Low light = slow shutter speed. I'd still take the motion blur and preserve the moment

Once in a lifetime tasting – 1992 Domaine Jean-Louis Chave Hermitage Rouge with Jean-Louis and Erin Chave


19 Responses to “Rôti de Cochon Tout Simplement et Hermitage #Winophiles”
  1. culinarycam says:

    GREAT post, Jeff. I clearly need to explore more of the Rhone wines.

  2. Duff's Wines says:

    Love the Rhone and appreciated your take on it. Great pics.

  3. I love wines with that bacony, earthy, herby, leathery profile. Putting these on my list to try as well as the pork recipe – it is stunning! Your photos are stunning and now I have Rhone on my mind, the Hermitage Chapel is creating a bit of Saturday wanderlust.

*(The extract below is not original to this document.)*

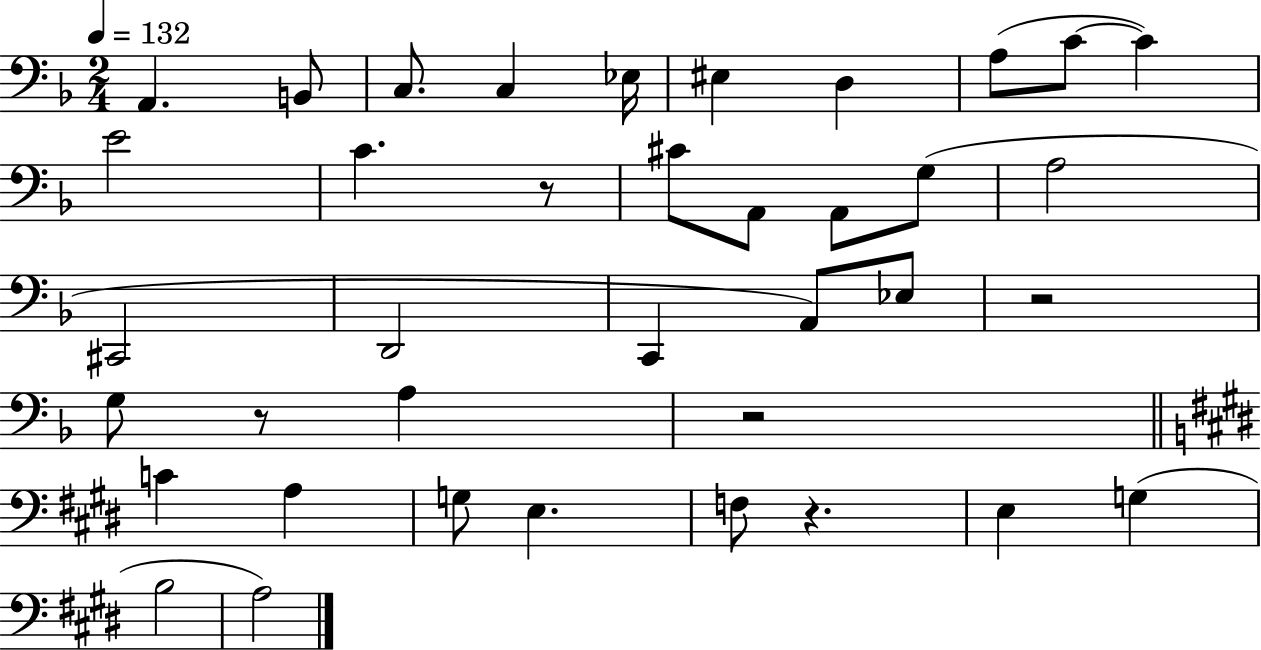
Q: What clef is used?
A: bass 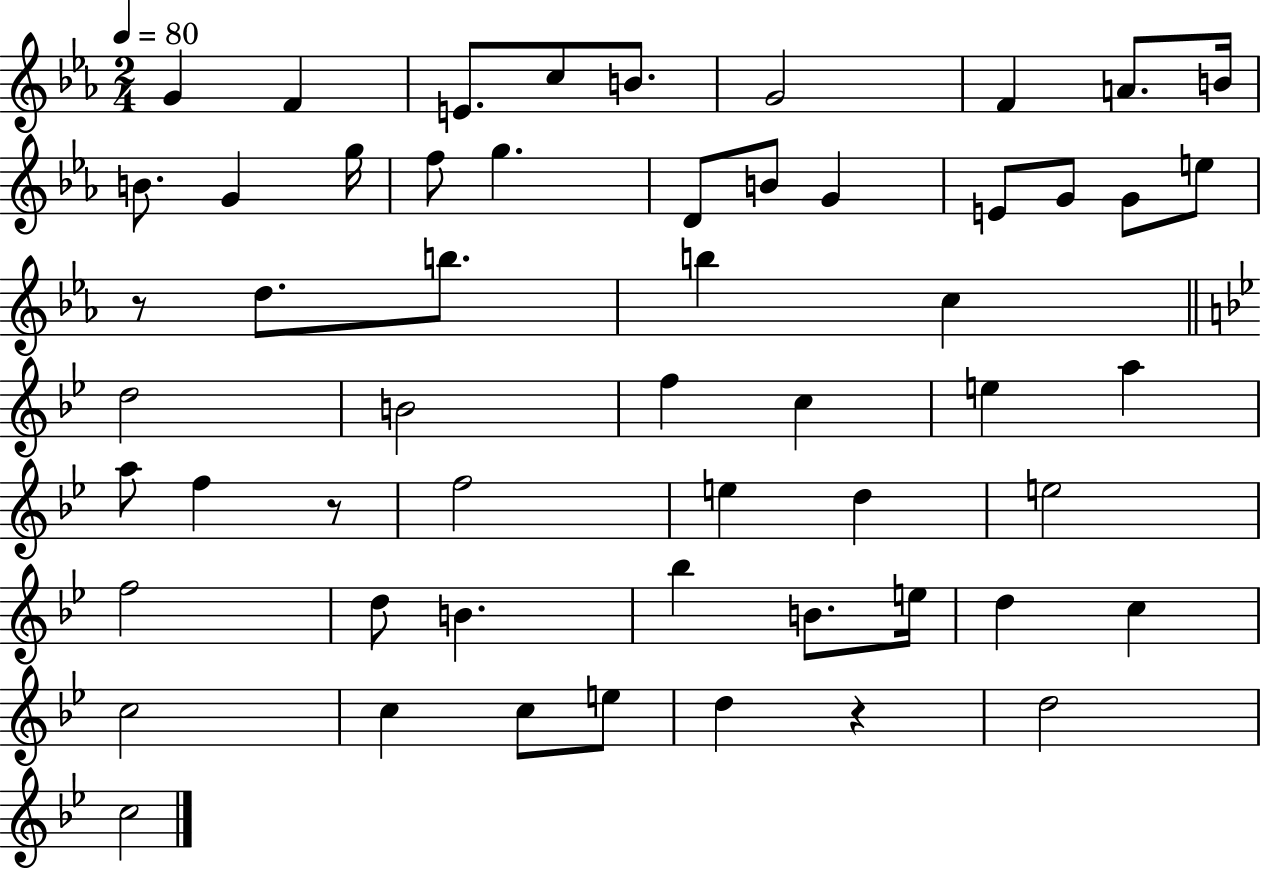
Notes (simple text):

G4/q F4/q E4/e. C5/e B4/e. G4/h F4/q A4/e. B4/s B4/e. G4/q G5/s F5/e G5/q. D4/e B4/e G4/q E4/e G4/e G4/e E5/e R/e D5/e. B5/e. B5/q C5/q D5/h B4/h F5/q C5/q E5/q A5/q A5/e F5/q R/e F5/h E5/q D5/q E5/h F5/h D5/e B4/q. Bb5/q B4/e. E5/s D5/q C5/q C5/h C5/q C5/e E5/e D5/q R/q D5/h C5/h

  4. One of these days I am going to splurge on a Hermitage. Maybe on a special date night. Thanks for sharing the information on a lesser expensive bottle.

  5. I’m glad to learn more about the northern Rhone. I think this region earned a stop on our next trip for sure!

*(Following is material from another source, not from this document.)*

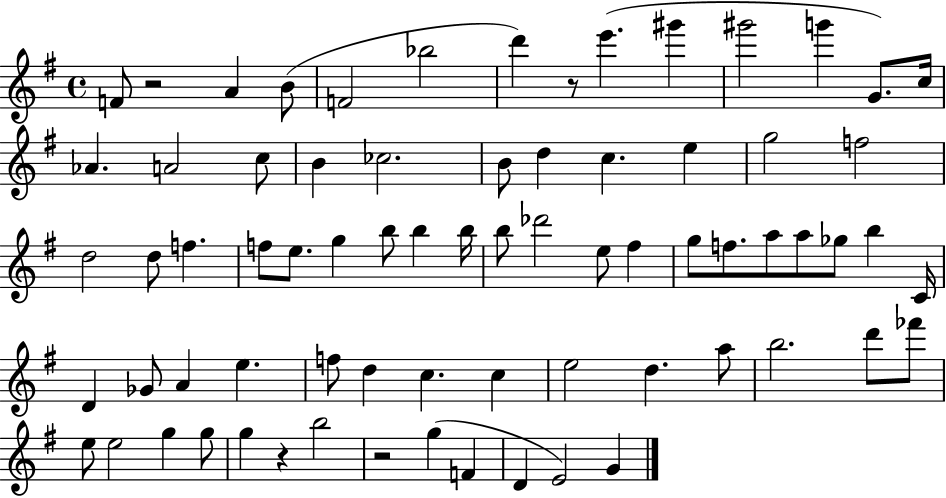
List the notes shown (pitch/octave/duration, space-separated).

F4/e R/h A4/q B4/e F4/h Bb5/h D6/q R/e E6/q. G#6/q G#6/h G6/q G4/e. C5/s Ab4/q. A4/h C5/e B4/q CES5/h. B4/e D5/q C5/q. E5/q G5/h F5/h D5/h D5/e F5/q. F5/e E5/e. G5/q B5/e B5/q B5/s B5/e Db6/h E5/e F#5/q G5/e F5/e. A5/e A5/e Gb5/e B5/q C4/s D4/q Gb4/e A4/q E5/q. F5/e D5/q C5/q. C5/q E5/h D5/q. A5/e B5/h. D6/e FES6/e E5/e E5/h G5/q G5/e G5/q R/q B5/h R/h G5/q F4/q D4/q E4/h G4/q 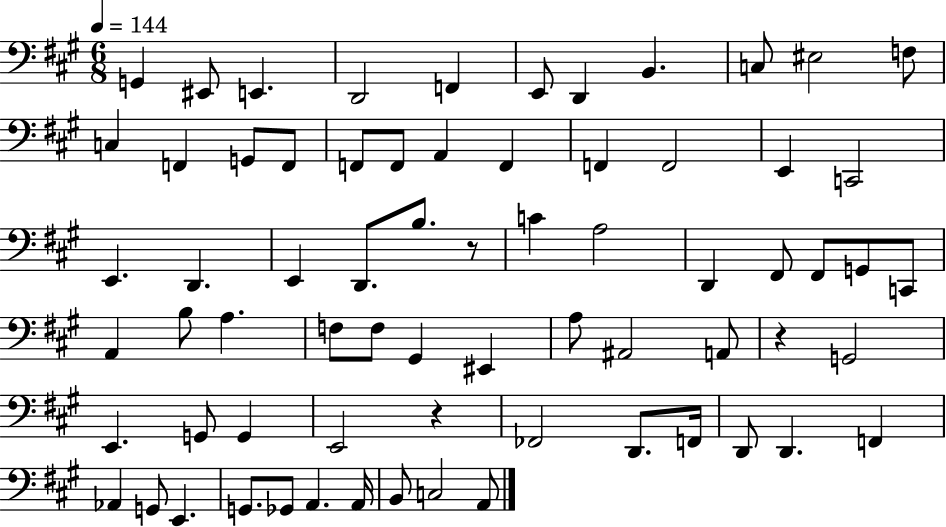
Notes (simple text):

G2/q EIS2/e E2/q. D2/h F2/q E2/e D2/q B2/q. C3/e EIS3/h F3/e C3/q F2/q G2/e F2/e F2/e F2/e A2/q F2/q F2/q F2/h E2/q C2/h E2/q. D2/q. E2/q D2/e. B3/e. R/e C4/q A3/h D2/q F#2/e F#2/e G2/e C2/e A2/q B3/e A3/q. F3/e F3/e G#2/q EIS2/q A3/e A#2/h A2/e R/q G2/h E2/q. G2/e G2/q E2/h R/q FES2/h D2/e. F2/s D2/e D2/q. F2/q Ab2/q G2/e E2/q. G2/e. Gb2/e A2/q. A2/s B2/e C3/h A2/e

  6. A wonderful introduction to Northern Rhone Jeff! Actually I noted in my post I’ve not had any Northern Rhone wine. Not quite true, I’ve had Condrieu. I’m particularly fond of Syrah with a bit of Viognier in the blend. The challenge for me is that we’ve got quite a few producers who rock Syrah here in California that lean toward the Old World (Bedrock, Qupe, our friend William at Two Shepherds) So far I’ve found these wines to be very pleasing to my palate. Having said that, I’ll have to look for the Chave Hermitage you recommended here! I’ve always wanted to try one! Oh great reminder on the serving temp of the wine…it most certainly matters!

    • Martin, those California Syrah producers were my introduction and several still rate very highly. I’d also add Wind Gap and Anthill Farms to your already good list! Still, there’s nothing quite like the Northern Rhone.

  7. Great article, beautiful photos and delicious meal. I am saving this recipe.